An exact reproduction of the listing is wanted, with the pictures dropped.

[SUPPLIED INFORMATION]
--------------------------------
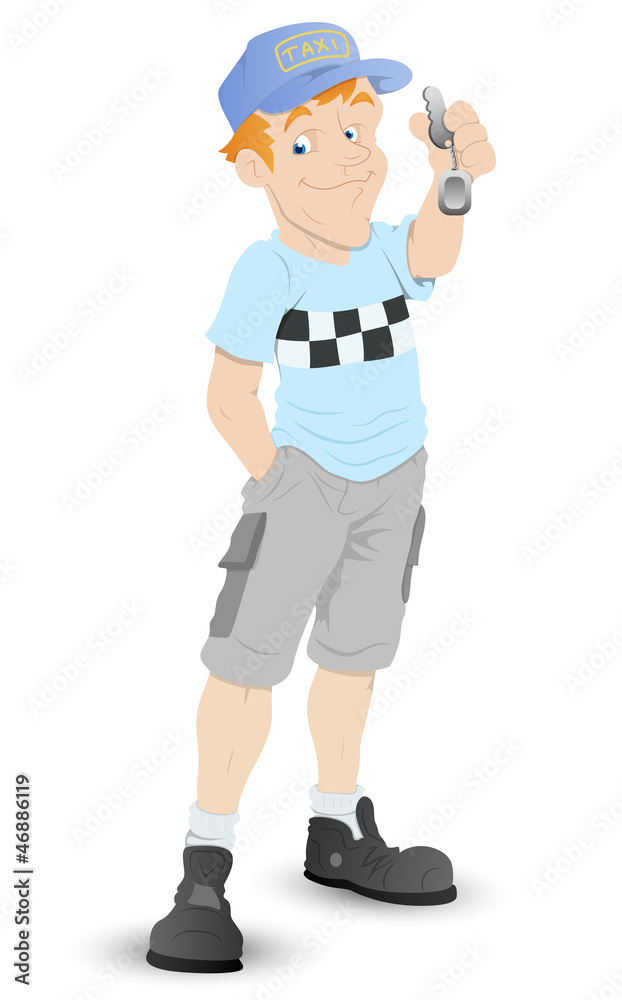 Taxi Driver - Cartoon Character - Vector Illustration Taxi Driver - Cartoon Character - Vector Illustration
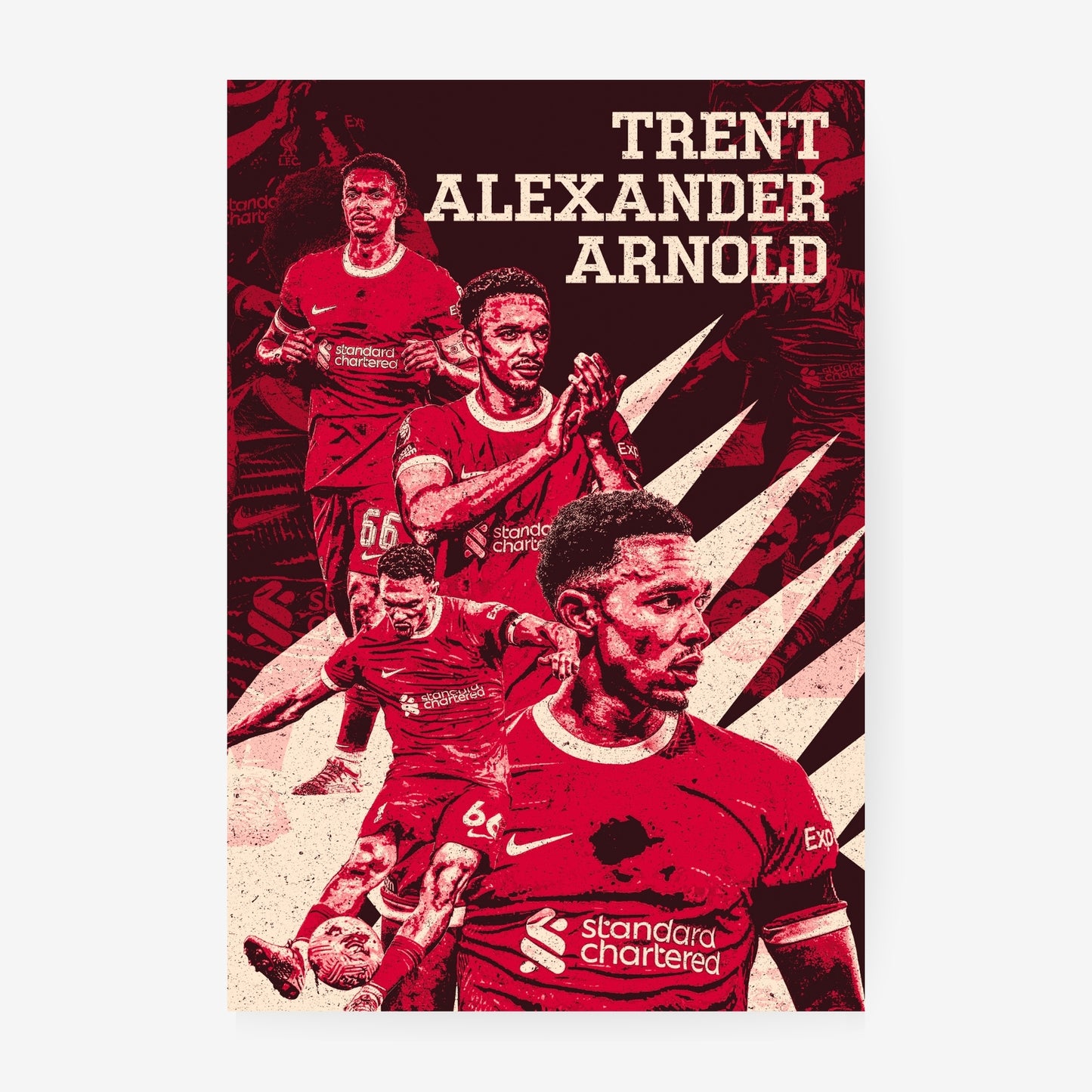 Trent Alexander-Arnold Liverpool poster featuring the English defender in a red and cream vintage football collage design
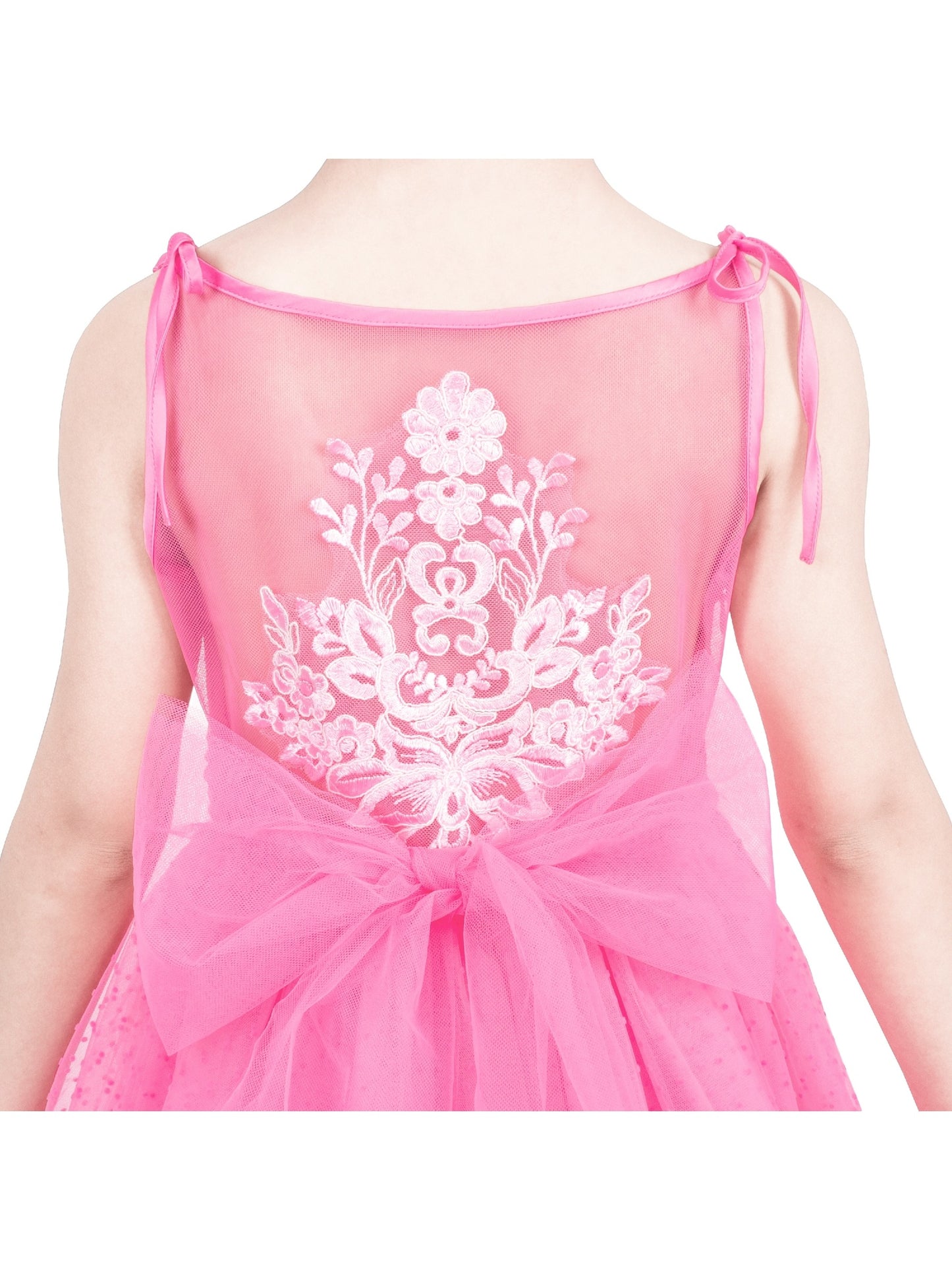 Flower Girls Dress White Wedding Pageant Bridesmaid Gown Pink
--------------------------------
[SOLVED EXERCISE]
 Taxi Driver - Cartoon Character - Vector Illustration Taxi Driver - Cartoon Character - Vector Illustration
 Trent Alexander-Arnold Liverpool poster featuring the English defender in a red and cream vintage football collage design
 Flower Girls Dress White Wedding Pageant Bridesmaid Gown Pink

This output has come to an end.